Огюст давал мне свои настойки и уверял, что они безопасны. Только травы и соки овощей. Был у них отвратный вкус, но от них казалось, что мне становилось лучше.

Несколько недель я ни с кем не разговаривала, просто целыми днями лежала в постели. Однако в один из таких дней внутренний двор оглушил топот лошадей, я выглянула в окно и удостоверилась в том, что у нас гости. Счастью моему не было предела, может я смогу с кем поговорить?!

Я не решилась выйти к друзьям Огюста в таком плохом состоянии и без его разрешения. Он мне запретил вставать с постели.

Я немного подождала, когда Огюст закроется со своими друзьями у себя в кабинете, и вышла во внутренний двор. Как и предполагалось, все наши слуги сразу скрылись. Знали, что я снова буду докучать им своими вопросами. Но кучер новоприбывшего экипажа остался на месте. Он был единственным шансом, хоть что-то узнать.

Поприветствовав его, я была приятно удивлена, что он хорошо говорит на русском языке.

-Госпожа, что вы делаете здесь?- он не верил своим глазам и ушам.

-Как вас понимать? Я жена Огюста фон Штейна…- нарастало и моё недоумение.

-Прошу прощения, но у фон Штейна нет жены…

-Как нет, а как же я?

-О Боже, вы ничего не знаете?- кучер осел на землю,- не думал, что доживу до этого.

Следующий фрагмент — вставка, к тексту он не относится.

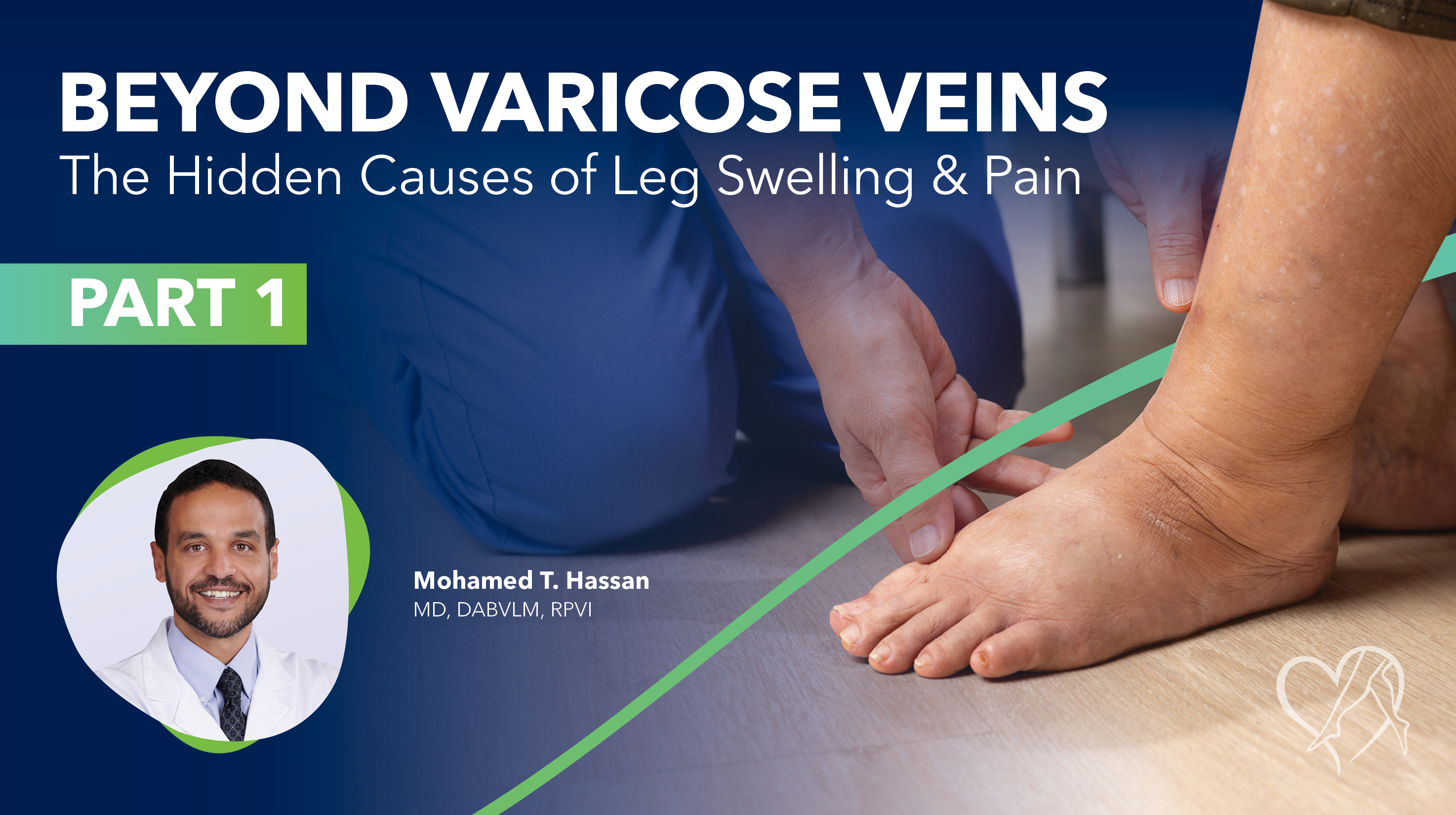 Blog Image Beyond Varicose Veins Thumbnail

-Я не понимаю? Прошу вас, объясните!- я умоляюще смотрела в мутные серые глаза, кучера. Он смотрел в мои глаза, и в нём дрогнула струна жалости ко мне. Рассказал он о том, почему все слуги немые. Немые для того, чтобы не рассказали ничего другим жителям об безжалостных экспериментах над людьми, а кто был очень разговорчив, но нуждался в работе, насильно были лишены языков. Говорили, что сам Штейн вырезал языки у слуг. Поэтому местные жители и обходят его особняк стороной.

10 глава

Раздался дикий крик, который разнося по всей усадьбе. Он был смешан с ужасным шелестом огромных кожистых крыльев. Что-то билось о потолок большой залы. Это что- то истерически верещало и рокотало. Ужас отражался на всех наших лицах.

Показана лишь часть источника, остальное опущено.